There are three elements of a negligent hiring claim. First, the employee must be unfit for employment. This determination is based on the nature of the job and the likelihood that the hiring of an unfit employee will cause harm to others. Second, the employer must have actual or constructive knowledge of the employee's unfitness. For example, when an employer actually knows of damaging facts concerning an employee's prior record or dangerous inclinations, an employer will most likely be held liable for any foreseeable harm to others which results. Further, an employer may be held to possess constructive knowledge of the employee's unfitness where it would have been disclosed by a reasonable inquiry or investigation. The third element of a negligent hiring claim is that the employer's hiring of the unfit employee must be the cause of the third party's injury.

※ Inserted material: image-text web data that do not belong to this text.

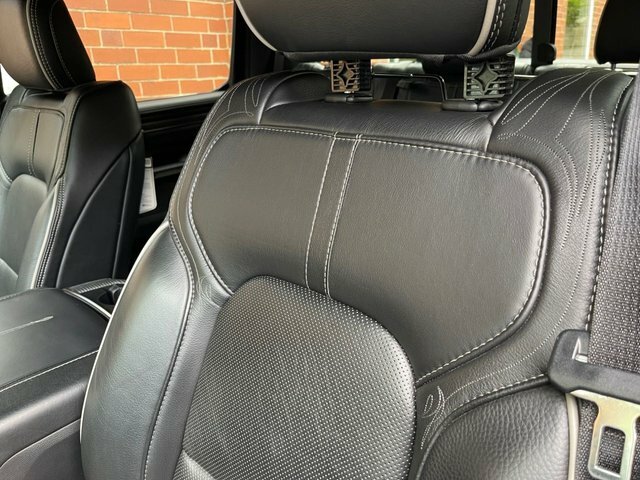 Dodge RAM Limited 5.7 V8 Hemi Black #20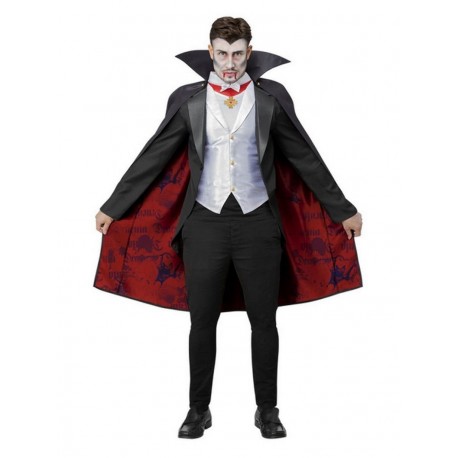 Costume Dracula Uomo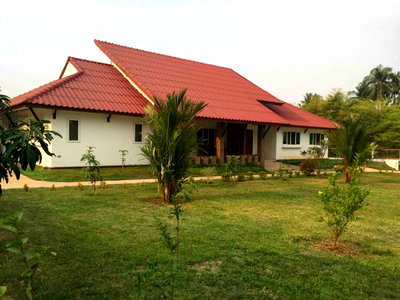 บ้านเดี่ยว เมืองนครราชสีมา โคราช : ขายบ้านเดี่ยวตำบลหนองระเวียงอำเภอเมืองนครราชสีมา #บ้านเดี่ยวหลังใหญ่​ 5​ นอน3น้ำ #บ้านหลังเล็กอีก 2 หลัง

An appellate court in New York recently relied upon public policy considerations to limit the circumstances in which an employer may be held liable for negligent hiring. Ford v. Gildin, 200 A.D.2d 224, 613 N.Y.S.2d 139 (1st Dep't 1994). In Ford, the defendant landlord hired Howard Taylor as a building porter in 1964. Unbeknownst to the landlord, Taylor had pleaded guilty to manslaughter in 1955 and had served five years in prison. The plaintiff, Vera Ford, moved to the building in 1967 where she and Taylor, who resided in the basement apartment, became friends. Subsequently, Taylor became the godfather of Ford's newborn daughter Timia, and Taylor was often permitted to be with the child unattended. In 1987, it was discovered that Taylor had been sexually abusing Timia, then thirteen years old, for the previous five years.
Ford brought suit against the landlord, claiming negligence in the hiring and retention of Taylor. The lower court denied the landlord's motion for summary judgment, but the Appellate Division reversed and dismissed the claim.
The court cited several reasons in support of its ruling. First, the court found that there were no facts suggesting that the landlord was negligent in the hiring of Taylor as a porter. Specifically, there was no proof that the landlord had failed to follow its regular hiring procedures or had otherwise acted in a careless fashion. Second, even if the hiring of Taylor was negligent, Ford's injury eighteen years later did not result from that negligence. It was simply not foreseeable that Taylor, who had previously committed manslaughter, would molest a child some twenty-seven years later. Moreover, Taylor's unsupervised visits with Ford's daughter resulted from Ford's close relationship with Taylor; this was an independent and unforeseeable intervening event, which severed any causal relationship between the landlord's hiring of Taylor and the injuries to Ford's daughter.
Finally, the court reasoned that even if the landlord knew of Taylor's conviction for manslaughter before hiring him as a porter, the landlord should not be subject to liability for criminal acts committed by Taylor twenty-seven years after his prior conviction and eighteen years after he was hired. A contrary result, the court concluded, would frustrate the public policy that encourages the hiring of ex-offenders: "if in this case we were to allow that Taylor's conviction for manslaughter in 1955 could lawfully have stood as a bar to his employment as a porter in 1964, then we would be determining that Taylor could have been denied any employment for the more than 20 years that he worked for the [landlord] until he was arrested for molesting Timia Ford." Thus, the court reversed the lower court decision and granted the landlord's motion for summary judgment, dismissing the claim of negligent hiring.
Although the Ford decision is a favorable development for employers, the case clearly involved relatively unique facts and does not disturb the basic principles imposing liability for negligent hiring. Prudent employers will continue to recognize that, to reduce the likelihood of negligent hiring liability, they should make reasonable efforts to investigate the background of potential employees, should document the results of those efforts, and should retain those records both during the employee's employment and for at least three years after the end of the employment relationship, to be certain that any applicable statutes of limitations have expired.